What do you hope for CIS for the future?
"I hope for CIS to continue to be a beacon of hope, a place of joyful learning and a fantastic place to work. We have an amazing community that cares for each other and I hope that we will retain that identity for many years to come. When we say that we educate champions of a just and sustainable world, it is important to unpack all of those words. As champions, we all should be prepared to be upstanders - to be prepared to stand up for the ideals and ideas that we believe in. We need CIS and the world in which we are located to be sustainable, and we know that climate change is one of the greatest challenges that faces the current generation. We want our community, and our wider world, to be just one - each and every one of us has a role to play in making that happen by bringing our best selves into school (and beyond) every day. I am proud to be the Director of CIS, and I want everyone associated with the school to feel that sense of pride too."

How do you feel today compared to your first day on the job?
"On my first day, I felt a sense of excitement and wonder as I started my new role but also a large degree of nervousness because it was very new, and I was very aware that people were curious about the new Director! Today, I feel that I know and understand the community to a much greater degree. I also think that many people know who I am, and that I believe in our wonderful school and fantastic community."

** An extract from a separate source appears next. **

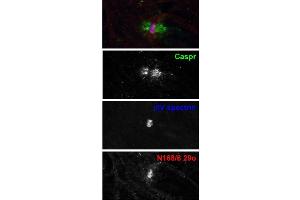 Adult rat sciatic nerve immuno-fluorescence staining: paranodes labeled with Caspr (green) surround nodes of Ranvier labeled with Beta-IV spectrin (blue) and N168/6 (red).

What was the most memorable day to date?
"There have been many memorable days in this quite unusual year! The day when we realised that we had no water on campus was particularly memorable. What I found astounding, reassuring and impressive was the way in which everyone pulled together to respond to the problem. Parents were quick to pick up Primary School children, teachers were helpful and calm, Middle and High School students followed instructions and were thoughtful and understanding. It gave me an early indicator of the strength of our caring community."

What do you think makes CIS great?
"The people. Of course, we are so lucky with our fantastic building and superb location but the number one ingredient is the people. Our students and staff combine to make this school genuinely unique!"

Do you know everyone at the school?
"I wish I could say yes. I feel like I get to know more people every day but students being off campus during the pandemic has meant that this has been quite a challenge!"

As you can tell, Sandy has had an exciting year with some quite unusual turns. I agree with him that the remote learning experience has been a challenge, and I also agree that everyone has grown with it. Maybe the school could benefit from having more remote learning... but I think we all can agree that nothing beats a hug!

[This interview was conducted in June for our print publication Footprints, which has been discontinued. We're hoping Shirin's article will reach a wider audience by being published here and thank her for her contribution.]